Yotam Ottolenghi doesn't just create recipes, he creates magic. He can turn the humble eggplant into a velvety salad, cauliflowers into saffron-scented yumminess and beans into burgers with just moving a couple of ingredients around.
He's the man who has converted my meat-eating, vegetable-not-so-much-liking husband into a happy vegetable eater. He's the one who has changed his opinion about aubergines. He's the one who has inspired the best chocolate cake that I ever knew existed.
All this considering, he's quite the carnivore and was at his wit's end when The Guardian asked him to do a column on vegetarian recipes.

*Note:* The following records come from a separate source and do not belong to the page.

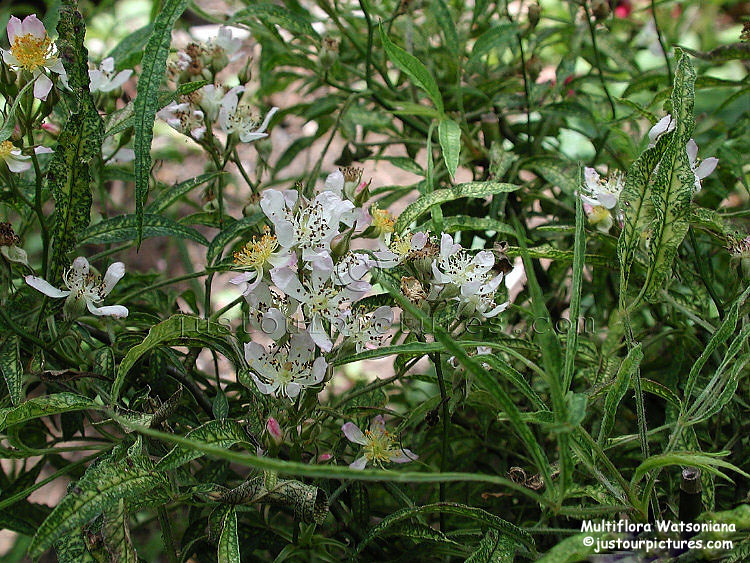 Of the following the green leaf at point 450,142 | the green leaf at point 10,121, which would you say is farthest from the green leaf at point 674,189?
the green leaf at point 10,121

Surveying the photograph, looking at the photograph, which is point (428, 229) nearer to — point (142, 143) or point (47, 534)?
point (142, 143)

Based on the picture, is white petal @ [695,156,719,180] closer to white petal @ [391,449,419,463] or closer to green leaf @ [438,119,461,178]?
green leaf @ [438,119,461,178]

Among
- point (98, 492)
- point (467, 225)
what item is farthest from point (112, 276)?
point (467, 225)

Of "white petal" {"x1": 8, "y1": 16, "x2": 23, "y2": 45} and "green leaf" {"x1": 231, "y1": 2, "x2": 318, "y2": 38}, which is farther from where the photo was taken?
"green leaf" {"x1": 231, "y1": 2, "x2": 318, "y2": 38}

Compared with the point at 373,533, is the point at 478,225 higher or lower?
higher

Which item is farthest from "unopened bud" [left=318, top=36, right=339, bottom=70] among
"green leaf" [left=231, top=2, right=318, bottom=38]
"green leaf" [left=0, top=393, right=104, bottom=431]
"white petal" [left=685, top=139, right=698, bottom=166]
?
"green leaf" [left=0, top=393, right=104, bottom=431]

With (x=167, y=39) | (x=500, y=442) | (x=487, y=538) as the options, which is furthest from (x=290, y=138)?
(x=487, y=538)

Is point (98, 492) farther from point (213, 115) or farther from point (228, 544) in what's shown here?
point (213, 115)

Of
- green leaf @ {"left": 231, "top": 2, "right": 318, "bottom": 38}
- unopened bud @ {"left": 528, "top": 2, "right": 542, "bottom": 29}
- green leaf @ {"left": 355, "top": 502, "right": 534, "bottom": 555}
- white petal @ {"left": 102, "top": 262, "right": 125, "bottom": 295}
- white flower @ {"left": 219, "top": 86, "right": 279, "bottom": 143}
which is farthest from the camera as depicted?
unopened bud @ {"left": 528, "top": 2, "right": 542, "bottom": 29} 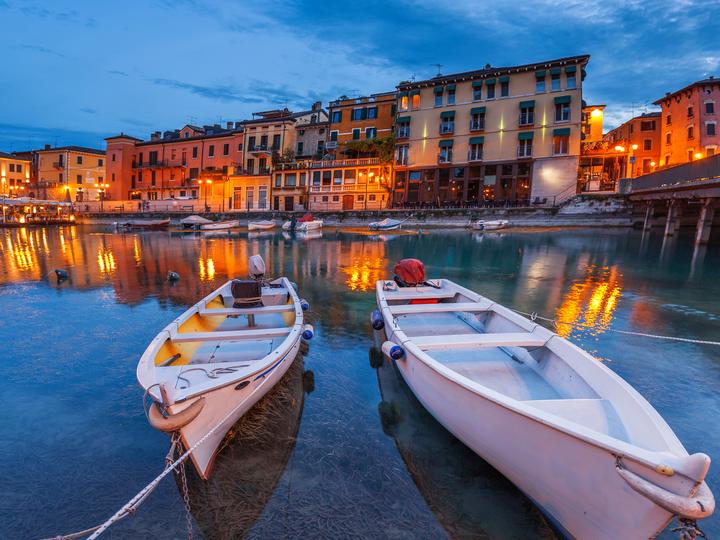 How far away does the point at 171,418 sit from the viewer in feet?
11.1

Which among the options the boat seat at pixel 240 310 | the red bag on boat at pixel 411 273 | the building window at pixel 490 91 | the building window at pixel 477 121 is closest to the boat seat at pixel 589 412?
the boat seat at pixel 240 310

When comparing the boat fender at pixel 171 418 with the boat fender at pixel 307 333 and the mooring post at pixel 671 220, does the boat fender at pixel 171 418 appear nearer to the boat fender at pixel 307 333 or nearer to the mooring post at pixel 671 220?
the boat fender at pixel 307 333

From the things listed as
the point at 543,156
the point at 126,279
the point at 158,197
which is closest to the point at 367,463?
the point at 126,279

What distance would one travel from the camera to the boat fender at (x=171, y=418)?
10.9 ft

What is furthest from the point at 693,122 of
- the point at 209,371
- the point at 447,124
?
the point at 209,371

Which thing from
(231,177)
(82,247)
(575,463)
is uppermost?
(231,177)

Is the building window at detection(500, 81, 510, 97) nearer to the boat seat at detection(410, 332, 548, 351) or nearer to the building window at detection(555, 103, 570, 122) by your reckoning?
the building window at detection(555, 103, 570, 122)

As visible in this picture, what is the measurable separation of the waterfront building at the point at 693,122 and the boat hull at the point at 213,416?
206ft

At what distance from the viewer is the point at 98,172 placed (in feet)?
263

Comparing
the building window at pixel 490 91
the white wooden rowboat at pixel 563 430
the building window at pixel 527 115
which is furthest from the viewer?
the building window at pixel 490 91

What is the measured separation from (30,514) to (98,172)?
94.7 m

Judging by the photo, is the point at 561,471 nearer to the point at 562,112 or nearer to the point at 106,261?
the point at 106,261

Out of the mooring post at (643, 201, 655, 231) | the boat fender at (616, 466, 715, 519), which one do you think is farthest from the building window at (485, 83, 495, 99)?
the boat fender at (616, 466, 715, 519)

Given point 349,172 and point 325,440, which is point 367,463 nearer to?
point 325,440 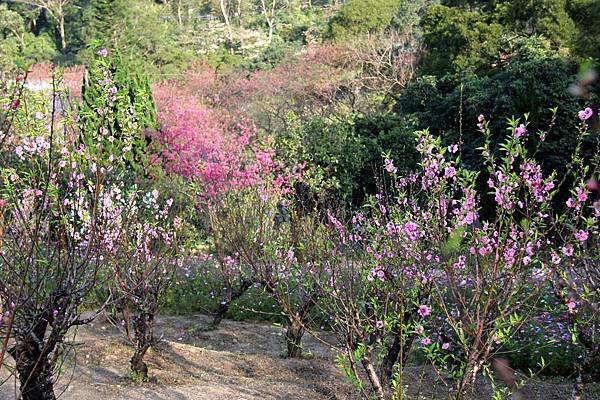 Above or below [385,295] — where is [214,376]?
below

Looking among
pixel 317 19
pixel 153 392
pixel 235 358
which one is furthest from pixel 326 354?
pixel 317 19

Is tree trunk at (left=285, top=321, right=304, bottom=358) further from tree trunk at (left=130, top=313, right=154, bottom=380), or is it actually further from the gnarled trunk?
the gnarled trunk

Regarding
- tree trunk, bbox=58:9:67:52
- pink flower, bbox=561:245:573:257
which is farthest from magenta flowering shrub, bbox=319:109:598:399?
tree trunk, bbox=58:9:67:52

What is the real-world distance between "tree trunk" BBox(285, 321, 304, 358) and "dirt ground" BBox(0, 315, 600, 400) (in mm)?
99

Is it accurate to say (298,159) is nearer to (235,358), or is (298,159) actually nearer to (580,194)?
(235,358)

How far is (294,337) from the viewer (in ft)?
19.6

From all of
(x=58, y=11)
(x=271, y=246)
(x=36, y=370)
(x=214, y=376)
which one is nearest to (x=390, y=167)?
(x=271, y=246)

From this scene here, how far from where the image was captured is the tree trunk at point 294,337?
5.89 metres

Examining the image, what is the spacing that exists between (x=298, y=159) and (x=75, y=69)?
53.8ft

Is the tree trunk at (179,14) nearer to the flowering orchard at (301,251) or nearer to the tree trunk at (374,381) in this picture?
the flowering orchard at (301,251)

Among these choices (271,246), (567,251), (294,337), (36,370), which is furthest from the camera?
(294,337)

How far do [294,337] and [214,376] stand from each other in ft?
3.12

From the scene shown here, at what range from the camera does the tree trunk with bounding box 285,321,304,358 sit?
589cm

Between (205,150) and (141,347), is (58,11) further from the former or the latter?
(141,347) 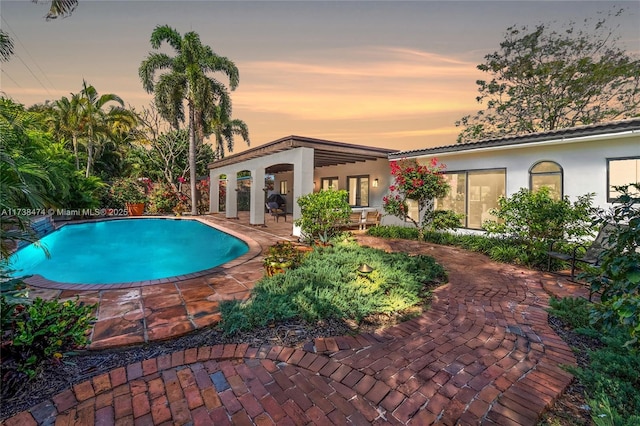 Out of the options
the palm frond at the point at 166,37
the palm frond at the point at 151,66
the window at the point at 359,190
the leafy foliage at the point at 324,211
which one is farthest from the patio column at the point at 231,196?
the leafy foliage at the point at 324,211

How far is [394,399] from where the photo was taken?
88.0 inches

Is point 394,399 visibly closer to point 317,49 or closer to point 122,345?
point 122,345

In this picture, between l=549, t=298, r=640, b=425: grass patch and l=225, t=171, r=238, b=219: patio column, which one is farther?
l=225, t=171, r=238, b=219: patio column

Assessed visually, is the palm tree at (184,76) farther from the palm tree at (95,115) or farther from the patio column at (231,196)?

But the way he has treated vegetables - with so much respect and appreciation and love - that this sensational cookbook is as exciting to read as it is to cook from.
And just look at the pictures!
So fresh! So alive that you want to eat it. Such beautiful pictures, that will inspire you into creating some of the best meals. At least it did that for me.
You see that eggplant on top - that's one of my favourite recipes ever. It's a luscious boat of grilled eggplants which has been spiked with thyme and filled with a tangy garlicky buttermilk and topped with sweet pomegranate pearls. They taste absolutely wonderful and make such a pretty picture too.
Then there's the mushroom and herb polenta. I'd never made polenta at home until this recipe and even then I couldn't stop licking my spoon.
Another one of my favourite recipe is the Meditteranean tart - a tart so chock full of vegetables including pumpkin, zucchini and eggplant, that you'd be surprised how sublime it actually is.
Or just look at that recipe above- it's roasted parsnips with sweet potatoes and onions in a caper vinaigrette. Ottolenghi asks you to treat this recipe as the blueprint of an infinite number of roast vegetables. I am not even going to describe how this tastes like because truly there are no words.
The thing is, this is a book for every man. The recipes are overly cheffy. The ingredients are simple. In fact most people who like cooking will have at least 90 per cent of the ingredients in their pantry. The book itself is divided into chapters that are easy to work around. And it offers a whole range of skill-sets, bordering mostly on easy. No super easy.
Since Ottolenghi is Israeli - most of his recipes are also inspired from that part of the country. He's used cereals, pulses, polenta and fruit and cheese to create amazing recipes. Have I eulogized him enough, or do I have to go on for you to buy this book already!